I will re-check the tire pressure, as the temps have dropped signifigantly recently maybe too has the tire pressure- cooler air =lower pressure. Ive heard of guys re-inflating their tires with "winter air". I don't know the truth in that...

 

I am a very light pedal guy. My other car, a '84 Mercedes 300D is a heavy car with a lot of torque, so using the transmission in it's low torque band and not revving the ish out of it is always better in the long run, I especially keep her rolling most times I can. Unless Im getting on the highway I have a light pedal foot...I also find that the BioDiesel I use will sometimes decreases the power, so I need more pedal, but thats a different message board.

 

I hate ethanol. Period. It is a huge waste of resources. and the energy return is negligible. If I could find non-ethanol gas I would use it.

 

I found that the stealership had delivered the car to me 1 quart low on engine oil. (thanks guys) After topping off, my mpg's have increased- the significance has yet to be determined.

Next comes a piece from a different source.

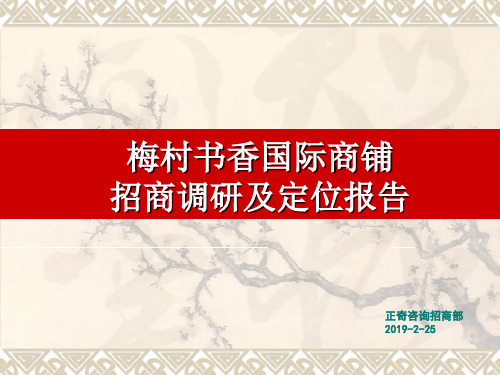 2019年2月25日无锡梅村书香国际商铺招商调研及定位报告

So, low engine oil=low mpg's

 

All runs performed with an empty car. I keep really clean crs. In fact, I sometimes remove the 65 lb back seat in my 96 2.0L Jetta with 240K, to get better mpg, usually I increase it 1-2 mpg's, she still runs 32-33 mpg's. I use Valvoline SynPower 10w-40 in this car. I plan to switch to that in the Suby.

 

I still want to run software thru the ECU so I need to find out if Cobb can do that.

 

No comments on the switching to all synthetic fliuds...any thoughts?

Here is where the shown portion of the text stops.